According to article 470 of the OHADA Law of 2014, the board of directors, on the proposal of the chief executive officer, may appoint one or more individuals as deputy chief executive officers to assist the chief executive officer.
Any appointment of the deputy chief executive officer carried out in violation of this article shall be null.
The board of directors shall freely set the term of office of the deputy chief executive officer. When the latter is a director, his term of office may not exceed his term as director.
The mandate of the deputy chief executive officer is renewable.
The board of directors shall set, in agreement with the chief executive officer, the scope of powers conferred to the deputy chief executive officer.
In his dealings with third parties, the deputy chief executive officer shall have the same powers as those of the chief executive officer.
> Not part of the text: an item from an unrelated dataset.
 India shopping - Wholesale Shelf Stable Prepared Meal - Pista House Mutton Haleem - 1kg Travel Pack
He shall bind the company by his actions, including those which do not within the company’s purpose under the terms and limits outlined in article 122 of the same law.
The provisions of the articles of association, decisions of the board of directors, or the general meetings limiting the powers of the deputy chief executive officer shall not be enforceable against bona fide third parties.
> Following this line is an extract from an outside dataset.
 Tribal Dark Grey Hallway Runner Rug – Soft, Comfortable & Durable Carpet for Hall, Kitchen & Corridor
The deputy chief executive officer may be bound to the company by an employment agreement under the conditions outlined in article 426 of the law.
The terms and the amount of the remuneration of the deputy chief executive officer are determined by the board of directors.
If he is a director, the deputy chief executive officer shall not take part in the vote and his vote shall not be taken into account for the calculation of quorum and majority.
Any decision taken in violation of this article shall be null.
The board of directors may remove the deputy general manager at any time at the proposal of the chief executive officer. Any removal of the deputy general manager made in breach of this paragraph shall be null.
If the removal was decided without just cause, damages may be awarded.
The mandate of the deputy chief executive officer shall end at the expiration of his term in office.
However, in the event of the death or removal of the chief executive officer, the deputy chief executive officer shall remain in office, unless otherwise decided by the board of directors, until the appointment of a new chief executive officer.